── Provided entries

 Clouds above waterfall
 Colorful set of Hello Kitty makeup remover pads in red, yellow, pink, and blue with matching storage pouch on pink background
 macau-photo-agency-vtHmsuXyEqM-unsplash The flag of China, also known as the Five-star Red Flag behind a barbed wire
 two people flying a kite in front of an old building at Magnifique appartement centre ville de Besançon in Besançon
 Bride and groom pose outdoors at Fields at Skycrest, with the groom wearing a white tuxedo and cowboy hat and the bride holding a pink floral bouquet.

────
── Provided entries

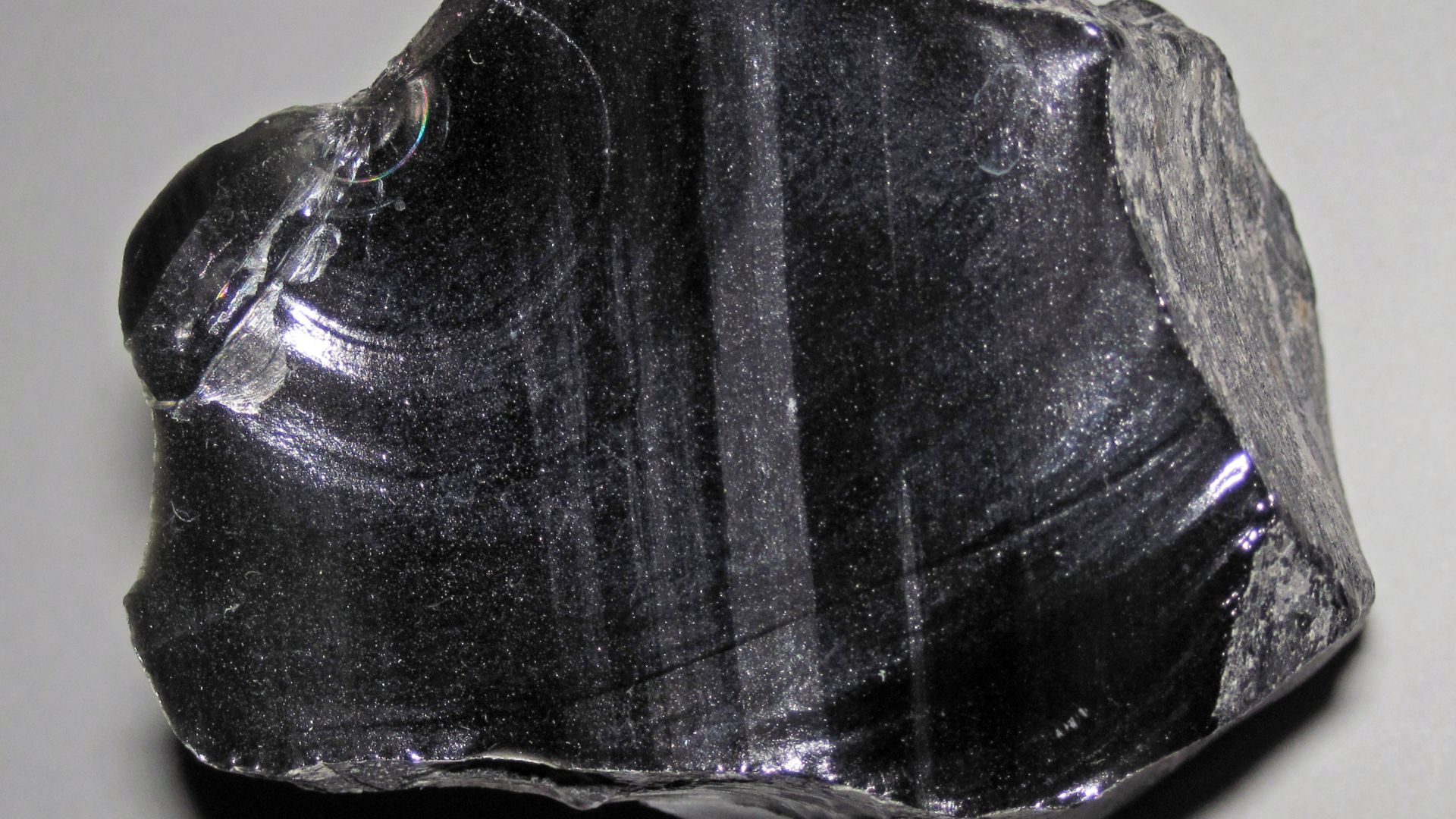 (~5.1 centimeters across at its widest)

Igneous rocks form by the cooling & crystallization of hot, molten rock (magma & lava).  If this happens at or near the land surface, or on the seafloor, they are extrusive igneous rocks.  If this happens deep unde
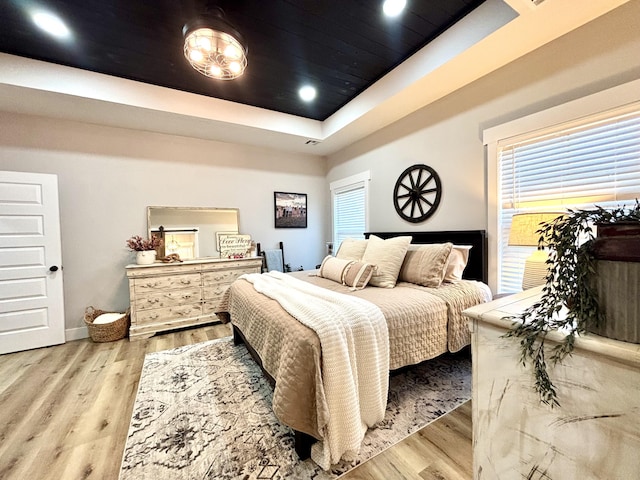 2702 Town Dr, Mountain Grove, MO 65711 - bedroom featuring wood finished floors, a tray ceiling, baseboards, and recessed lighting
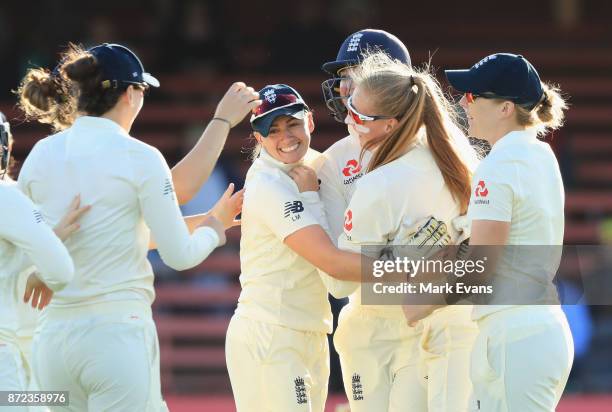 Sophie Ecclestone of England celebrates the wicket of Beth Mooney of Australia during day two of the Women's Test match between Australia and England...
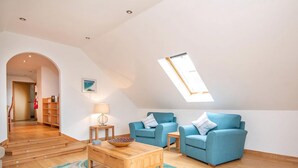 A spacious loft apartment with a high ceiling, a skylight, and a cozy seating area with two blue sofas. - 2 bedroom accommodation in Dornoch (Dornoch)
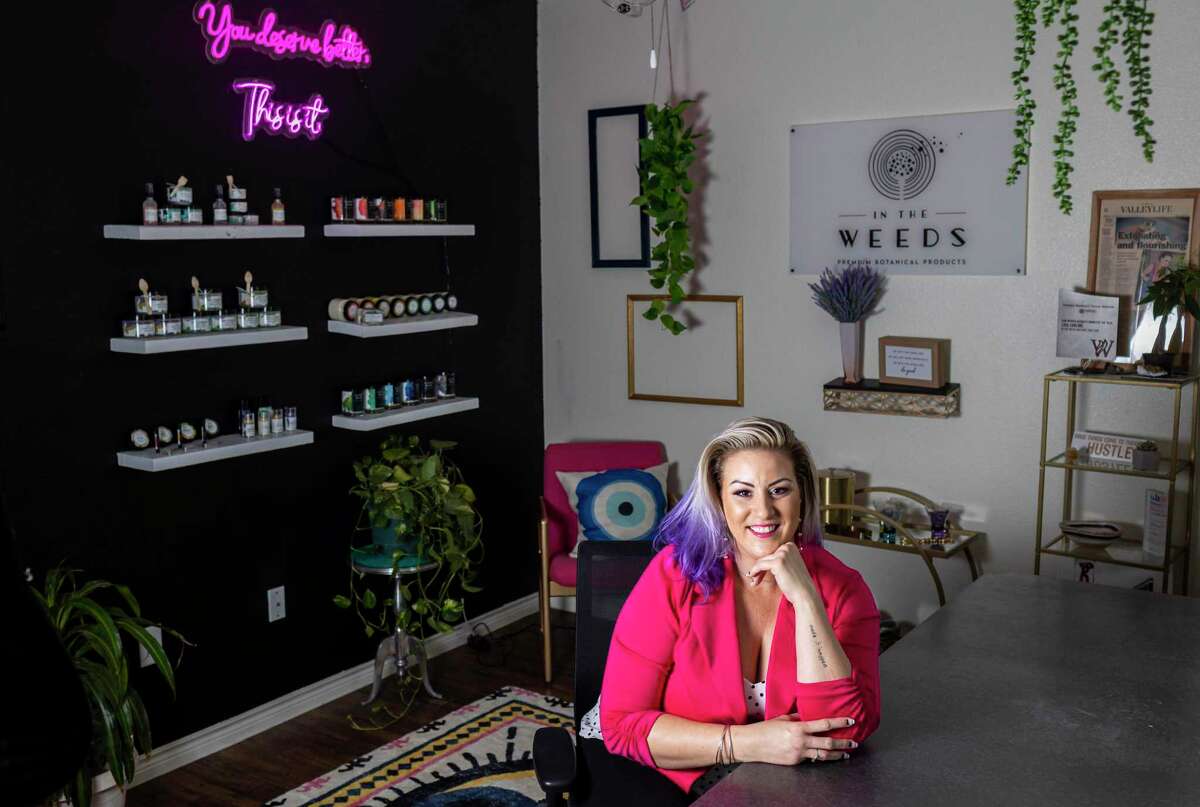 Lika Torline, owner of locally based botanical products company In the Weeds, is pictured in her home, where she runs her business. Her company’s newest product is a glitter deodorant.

────

(Work order): Print exactly the lines above, between the one holding "two people flying" and the one holding "Bride and groom", inclusive, and nothing besides.

(Solution below):
 two people flying a kite in front of an old building at Magnifique appartement centre ville de Besançon in Besançon
 Bride and groom pose outdoors at Fields at Skycrest, with the groom wearing a white tuxedo and cowboy hat and the bride holding a pink floral bouquet.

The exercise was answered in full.